Focal length has a strong effect on the perceived personality of subjects in portraits (Perona,
2007). We speculate that such effects derive from correlations between people's actual facial dimensions and personality traits. For example, faces appear narrower when photographed with short lenses and wider when photographed with long lenses (
Figures 1c and
3). The actual width-to-height ratio of male faces is positively correlated with aggressive behavior (Carre & McCormick,
2008), so attributions made from apparent ratio changes probably derive from correlations with real ratios. It would be interesting to examine the relationship between other facial dimensions affected by focal length (e.g., nose length, face roundness) and personality traits.

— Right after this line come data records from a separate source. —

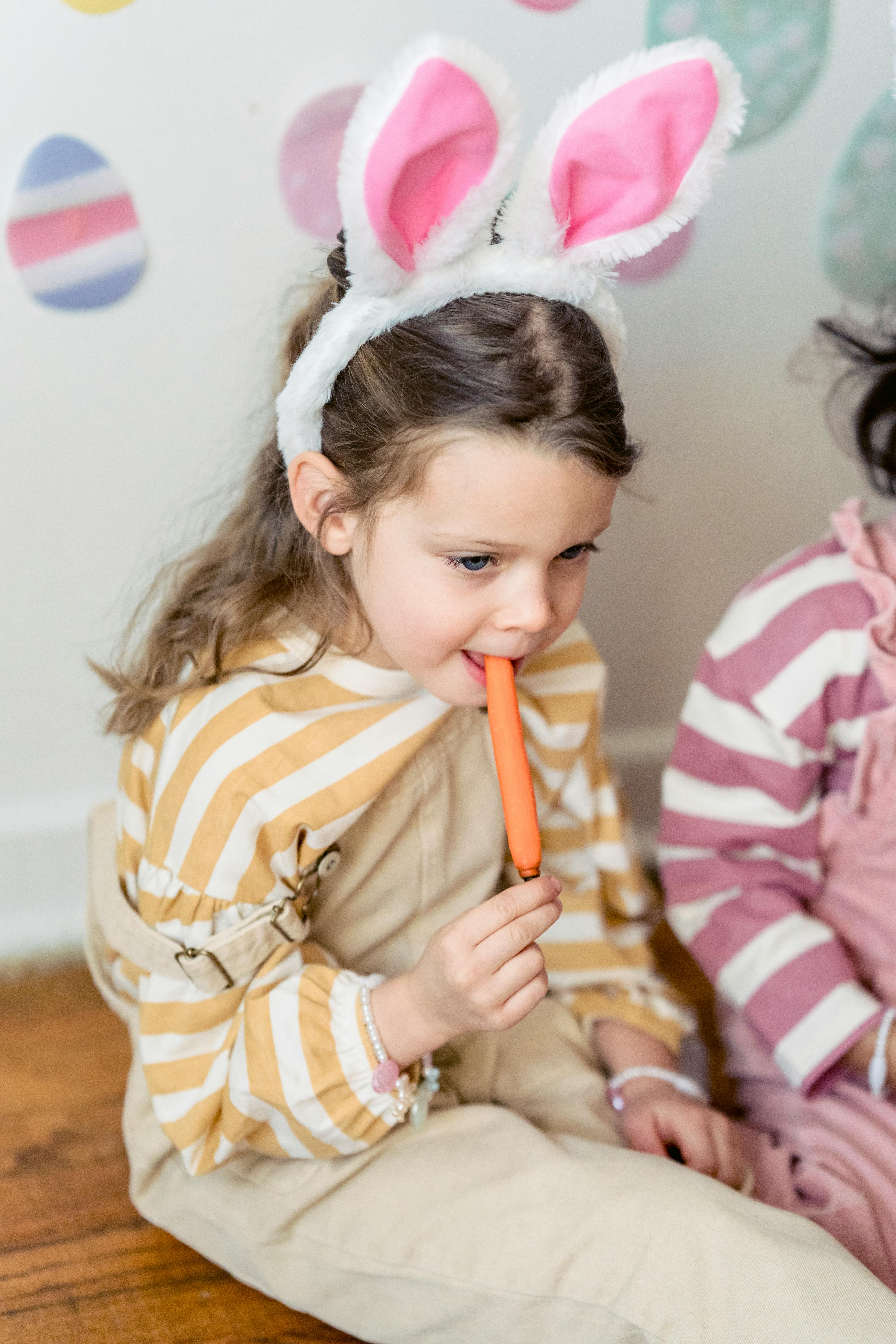 girl with bunny ears eating carrot against crop friend indoors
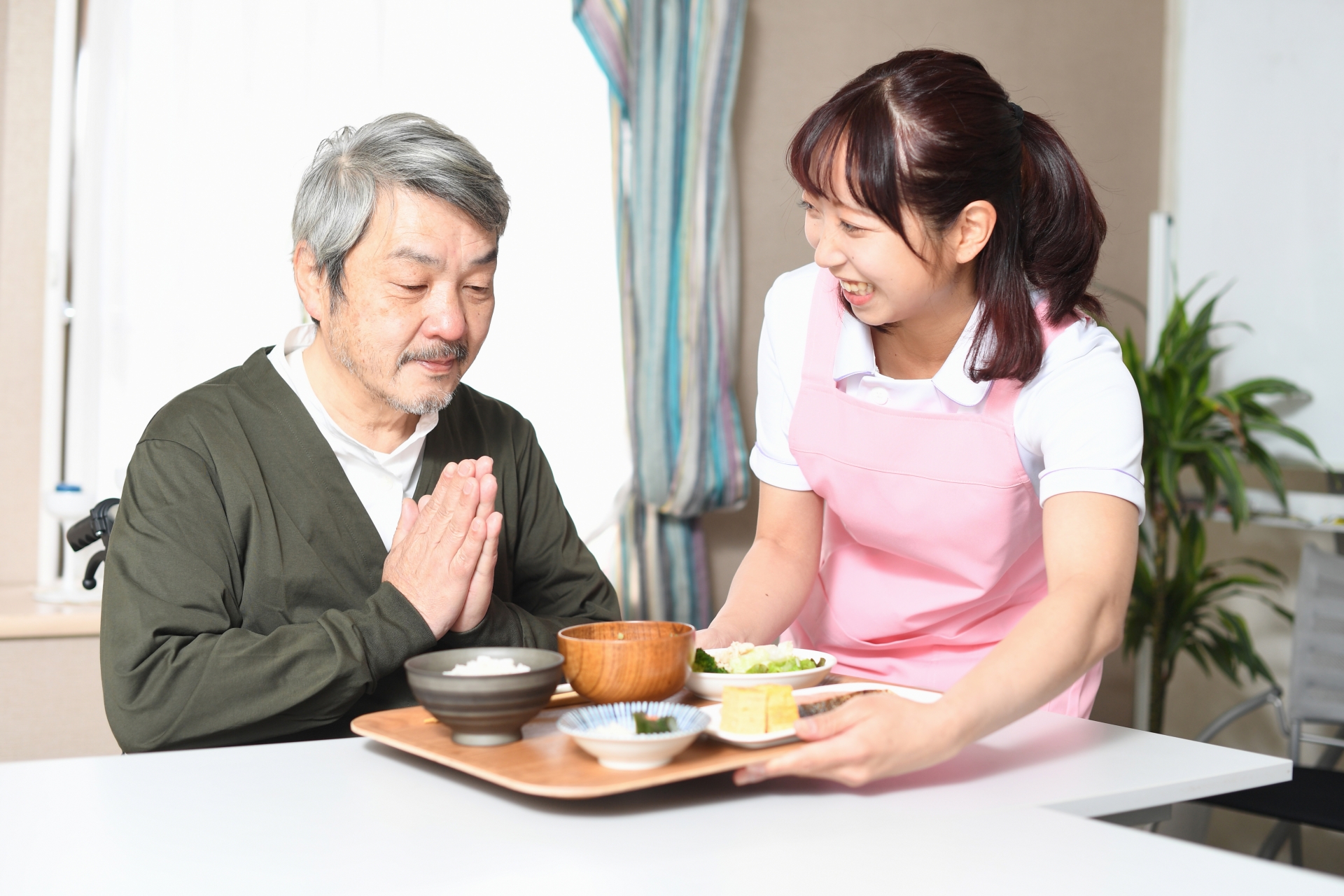 食事の配膳をする女性介護士と高齢者男性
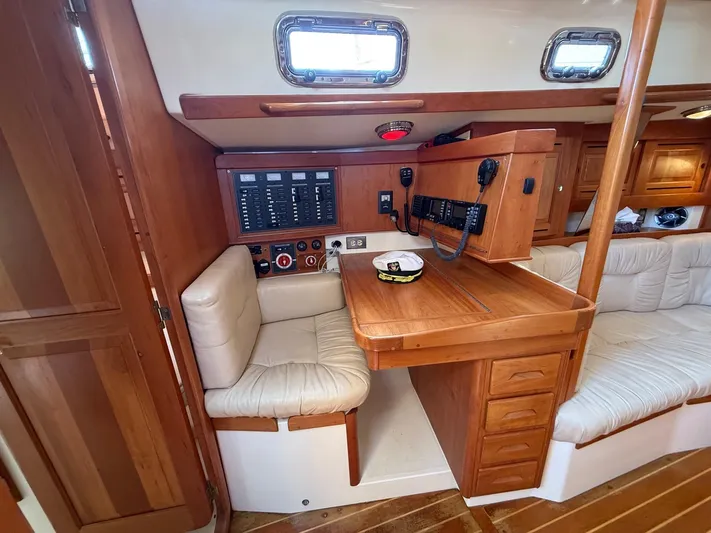 Dawn Treader Yacht Photos Pics Interior of 2005 Tartan 3700 Keel/Centerboard sailboat with navigation station and seating.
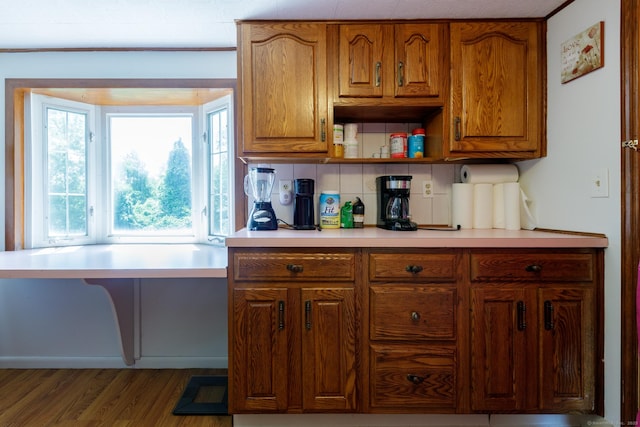 kitchen featuring tasteful backsplash, brown cabinets, light countertops, and wood finished floors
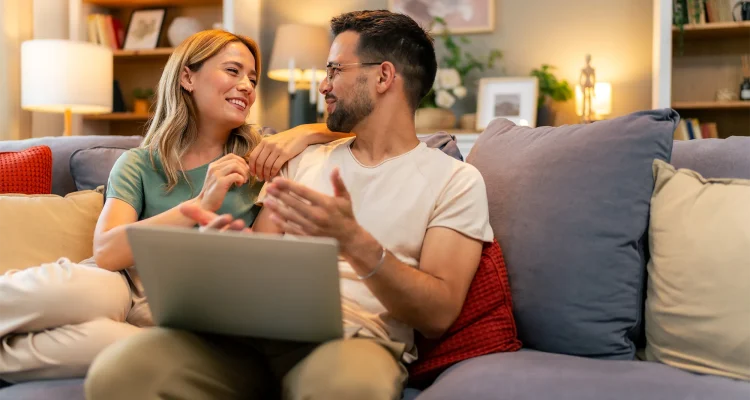 Couple paying bills online, calculate expenses at home
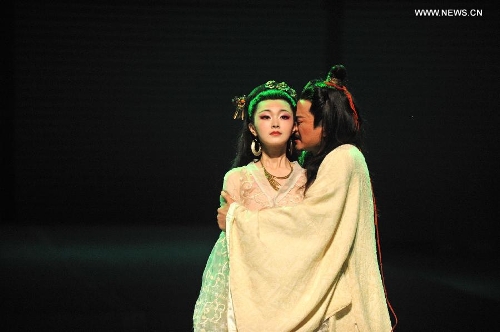 Actors Wang Ban (R) and Song Yi from Beijing People's Art Theater play drama 
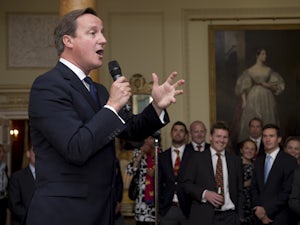 Prime Minister David Cameron speaks during an official reception at Downing Street on September 16, 2013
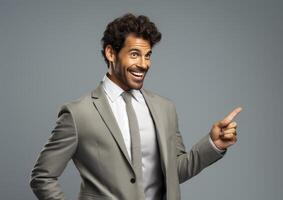 A smiling, happy businessman in a gray suit points to the side, conveying excitement and success. photo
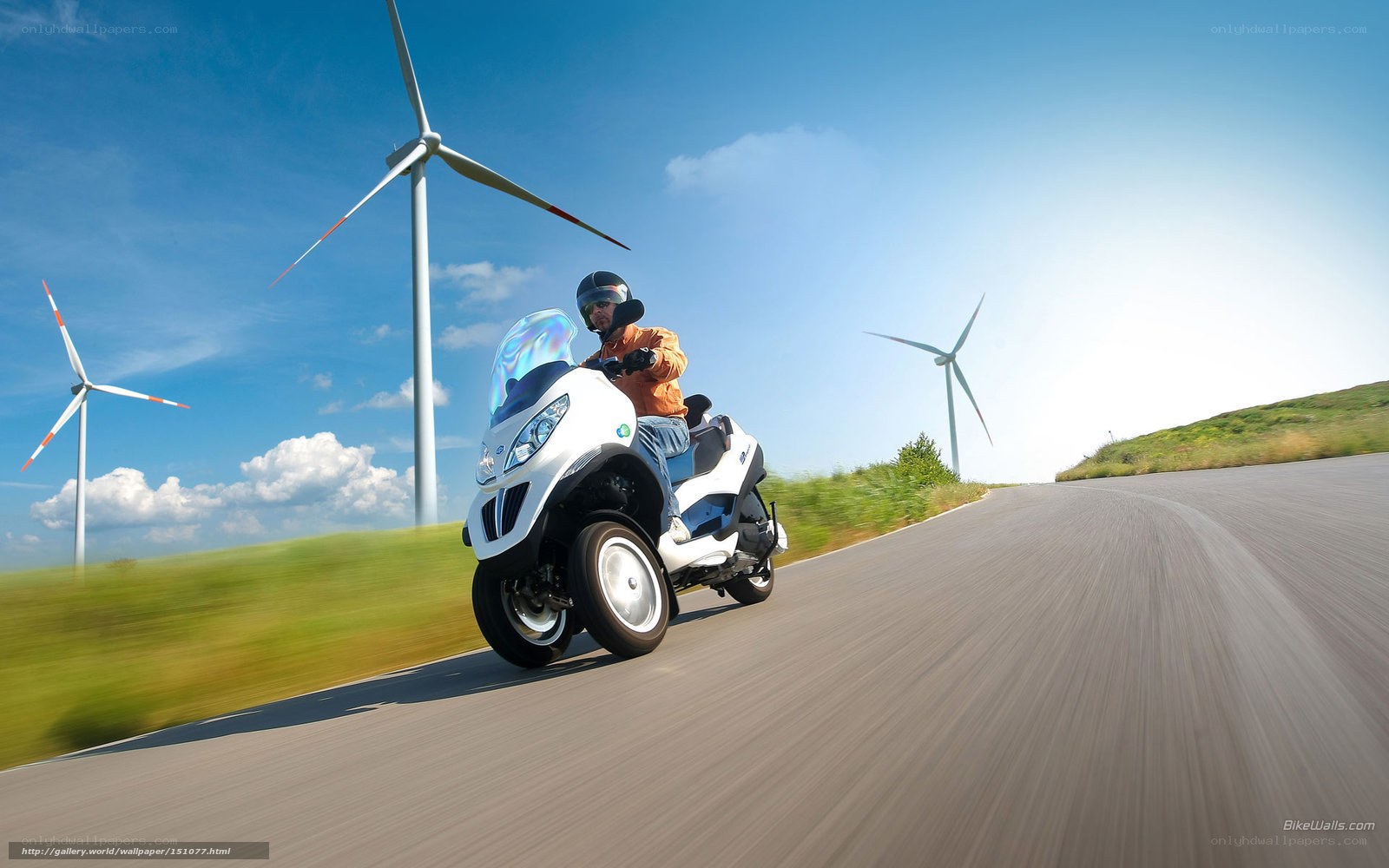 Riding a scooter near wind turbines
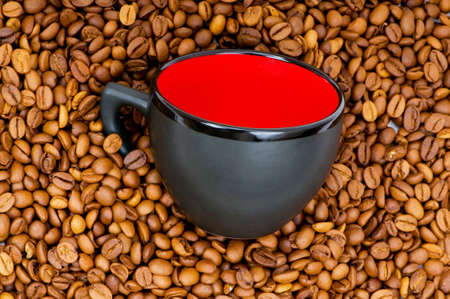 Cup and coffee beans isolated on the  whiteの写真素材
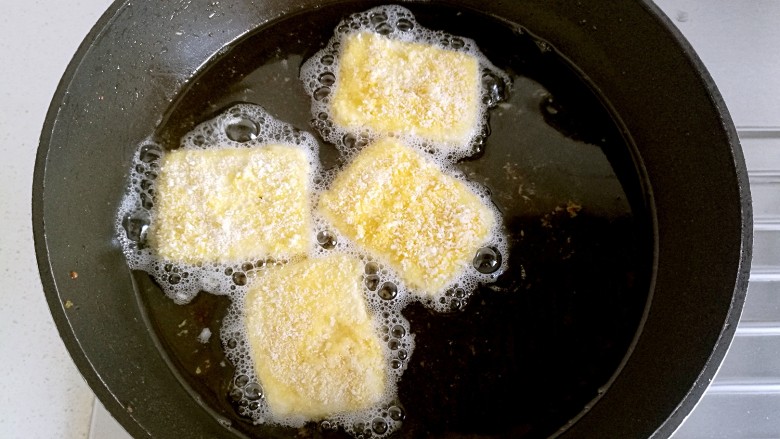 炸素"鸡"排,然后改小火把豆腐一块一块的放入油锅中炸，不要一次性全放入，分批的炸。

Pictures are useful in part because viewers can gain a faithful impression of the pictured content even when they are not positioned precisely at the COP. However, the ability to compensate for incorrect viewing position differs between being off-axis (i.e., off to the side) and at the wrong distance. For off-axis compensation, the visual system estimates the slant of the picture surface and corrects for the expected foreshortening (Pirenne,
1970; Vishwanath, Girshick, & Banks,
2005; Rosinksi et al.,
1980). This compensation process is shape constancy (Wallach & Marshall,
1986), which allows one to perceive the dimensions of real objects from various viewpoints. (The observation of nearly complete compensation has occurred when the image content being judged is roughly parallel to the picture surface; when the content is roughly perpendicular to the surface, compensation is much less complete; Goldstein,
1987; Todorović,
2008.) To compensate for incorrect distance, the visual system would have to estimate the correct distance from the picture's contents, but such estimation is prone to error (La Gournerie,
1859; Kubovy,
1986; O'Brien & Farid,
2012). Thus, we argue that compensation for off-axis viewing occurs because the computations involved are useful in everyday vision and generally not prone to error. We argue further that compensation for incorrect viewing distance does not occur because the required computations are not useful in everyday vision and are prone to error.